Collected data
╭──

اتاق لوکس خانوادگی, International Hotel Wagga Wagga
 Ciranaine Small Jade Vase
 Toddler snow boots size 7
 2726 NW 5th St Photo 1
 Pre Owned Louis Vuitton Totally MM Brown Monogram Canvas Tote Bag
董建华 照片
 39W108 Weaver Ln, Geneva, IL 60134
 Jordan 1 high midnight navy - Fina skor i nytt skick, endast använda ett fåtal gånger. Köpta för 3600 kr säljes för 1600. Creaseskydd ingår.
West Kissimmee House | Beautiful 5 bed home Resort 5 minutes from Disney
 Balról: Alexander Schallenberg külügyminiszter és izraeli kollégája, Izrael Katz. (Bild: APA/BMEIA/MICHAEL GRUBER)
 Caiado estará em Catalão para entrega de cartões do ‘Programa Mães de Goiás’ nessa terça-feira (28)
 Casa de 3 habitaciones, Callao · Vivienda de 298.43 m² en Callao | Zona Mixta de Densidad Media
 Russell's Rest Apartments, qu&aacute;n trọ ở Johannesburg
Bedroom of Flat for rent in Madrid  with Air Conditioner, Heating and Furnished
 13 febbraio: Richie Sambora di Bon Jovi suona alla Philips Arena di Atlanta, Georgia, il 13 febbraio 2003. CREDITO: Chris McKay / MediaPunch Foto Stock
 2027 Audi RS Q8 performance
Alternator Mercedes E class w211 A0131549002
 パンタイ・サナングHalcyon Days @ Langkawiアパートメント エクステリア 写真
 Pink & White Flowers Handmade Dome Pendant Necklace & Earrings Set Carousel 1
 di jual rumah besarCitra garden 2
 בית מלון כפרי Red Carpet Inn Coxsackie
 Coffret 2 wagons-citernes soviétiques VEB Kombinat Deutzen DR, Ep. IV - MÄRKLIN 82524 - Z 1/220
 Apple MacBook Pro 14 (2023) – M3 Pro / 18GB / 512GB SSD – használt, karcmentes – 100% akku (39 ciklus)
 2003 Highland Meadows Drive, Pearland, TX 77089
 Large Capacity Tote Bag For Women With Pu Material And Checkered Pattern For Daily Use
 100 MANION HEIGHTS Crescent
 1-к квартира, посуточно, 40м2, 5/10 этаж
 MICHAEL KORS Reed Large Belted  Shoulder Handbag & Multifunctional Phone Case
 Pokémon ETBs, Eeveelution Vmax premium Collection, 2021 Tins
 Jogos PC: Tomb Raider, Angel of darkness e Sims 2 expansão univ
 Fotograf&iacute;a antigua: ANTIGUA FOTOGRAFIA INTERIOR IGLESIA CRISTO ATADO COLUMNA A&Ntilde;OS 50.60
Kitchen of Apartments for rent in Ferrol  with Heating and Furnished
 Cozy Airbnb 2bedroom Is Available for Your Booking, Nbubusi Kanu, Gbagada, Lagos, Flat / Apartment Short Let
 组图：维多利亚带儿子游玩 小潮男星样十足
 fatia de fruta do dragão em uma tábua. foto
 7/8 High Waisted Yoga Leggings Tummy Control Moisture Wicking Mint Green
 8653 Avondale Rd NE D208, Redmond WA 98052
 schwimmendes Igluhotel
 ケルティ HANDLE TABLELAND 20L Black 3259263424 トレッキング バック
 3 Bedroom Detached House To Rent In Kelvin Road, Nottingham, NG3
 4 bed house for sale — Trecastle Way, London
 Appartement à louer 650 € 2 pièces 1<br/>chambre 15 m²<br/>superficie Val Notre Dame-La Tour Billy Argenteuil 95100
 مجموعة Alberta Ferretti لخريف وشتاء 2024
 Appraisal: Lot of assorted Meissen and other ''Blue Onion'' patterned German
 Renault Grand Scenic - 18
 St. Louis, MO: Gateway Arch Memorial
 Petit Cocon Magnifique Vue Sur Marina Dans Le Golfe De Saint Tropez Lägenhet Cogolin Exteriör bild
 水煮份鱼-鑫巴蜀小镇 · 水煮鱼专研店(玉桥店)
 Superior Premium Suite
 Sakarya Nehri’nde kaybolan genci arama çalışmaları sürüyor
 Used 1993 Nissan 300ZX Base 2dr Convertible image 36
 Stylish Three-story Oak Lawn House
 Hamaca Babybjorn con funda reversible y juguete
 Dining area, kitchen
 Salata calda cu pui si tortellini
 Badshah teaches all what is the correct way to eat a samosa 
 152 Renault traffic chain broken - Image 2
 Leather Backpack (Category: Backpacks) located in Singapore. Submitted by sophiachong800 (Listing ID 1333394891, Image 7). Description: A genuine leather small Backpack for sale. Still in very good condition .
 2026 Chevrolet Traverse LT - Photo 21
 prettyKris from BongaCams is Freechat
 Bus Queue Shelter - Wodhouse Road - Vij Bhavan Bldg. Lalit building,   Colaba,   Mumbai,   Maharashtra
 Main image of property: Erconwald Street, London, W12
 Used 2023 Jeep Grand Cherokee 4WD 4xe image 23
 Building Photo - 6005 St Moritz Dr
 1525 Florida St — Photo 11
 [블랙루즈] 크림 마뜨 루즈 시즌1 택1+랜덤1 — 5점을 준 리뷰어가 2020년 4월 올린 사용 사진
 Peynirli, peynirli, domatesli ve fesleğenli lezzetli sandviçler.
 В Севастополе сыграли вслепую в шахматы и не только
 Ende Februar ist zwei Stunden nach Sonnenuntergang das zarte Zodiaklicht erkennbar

╰──

* AIM OF THE TASK:
Reprint exactly the lines above that start at the one with "Caiado estará em" and end at the one with "schwimmendes Igluhotel", keeping both and adding none.

* RESULT FOR THIS EXERCISE:
 Caiado estará em Catalão para entrega de cartões do ‘Programa Mães de Goiás’ nessa terça-feira (28)
 Casa de 3 habitaciones, Callao · Vivienda de 298.43 m² en Callao | Zona Mixta de Densidad Media
 Russell's Rest Apartments, qu&aacute;n trọ ở Johannesburg
Bedroom of Flat for rent in Madrid  with Air Conditioner, Heating and Furnished
 13 febbraio: Richie Sambora di Bon Jovi suona alla Philips Arena di Atlanta, Georgia, il 13 febbraio 2003. CREDITO: Chris McKay / MediaPunch Foto Stock
 2027 Audi RS Q8 performance
Alternator Mercedes E class w211 A0131549002
 パンタイ・サナングHalcyon Days @ Langkawiアパートメント エクステリア 写真
 Pink & White Flowers Handmade Dome Pendant Necklace & Earrings Set Carousel 1
 di jual rumah besarCitra garden 2
 בית מלון כפרי Red Carpet Inn Coxsackie
 Coffret 2 wagons-citernes soviétiques VEB Kombinat Deutzen DR, Ep. IV - MÄRKLIN 82524 - Z 1/220
 Apple MacBook Pro 14 (2023) – M3 Pro / 18GB / 512GB SSD – használt, karcmentes – 100% akku (39 ciklus)
 2003 Highland Meadows Drive, Pearland, TX 77089
 Large Capacity Tote Bag For Women With Pu Material And Checkered Pattern For Daily Use
 100 MANION HEIGHTS Crescent
 1-к квартира, посуточно, 40м2, 5/10 этаж
 MICHAEL KORS Reed Large Belted  Shoulder Handbag & Multifunctional Phone Case
 Pokémon ETBs, Eeveelution Vmax premium Collection, 2021 Tins
 Jogos PC: Tomb Raider, Angel of darkness e Sims 2 expansão univ
 Fotograf&iacute;a antigua: ANTIGUA FOTOGRAFIA INTERIOR IGLESIA CRISTO ATADO COLUMNA A&Ntilde;OS 50.60
Kitchen of Apartments for rent in Ferrol  with Heating and Furnished
 Cozy Airbnb 2bedroom Is Available for Your Booking, Nbubusi Kanu, Gbagada, Lagos, Flat / Apartment Short Let
 组图：维多利亚带儿子游玩 小潮男星样十足
 fatia de fruta do dragão em uma tábua. foto
 7/8 High Waisted Yoga Leggings Tummy Control Moisture Wicking Mint Green
 8653 Avondale Rd NE D208, Redmond WA 98052
 schwimmendes Igluhotel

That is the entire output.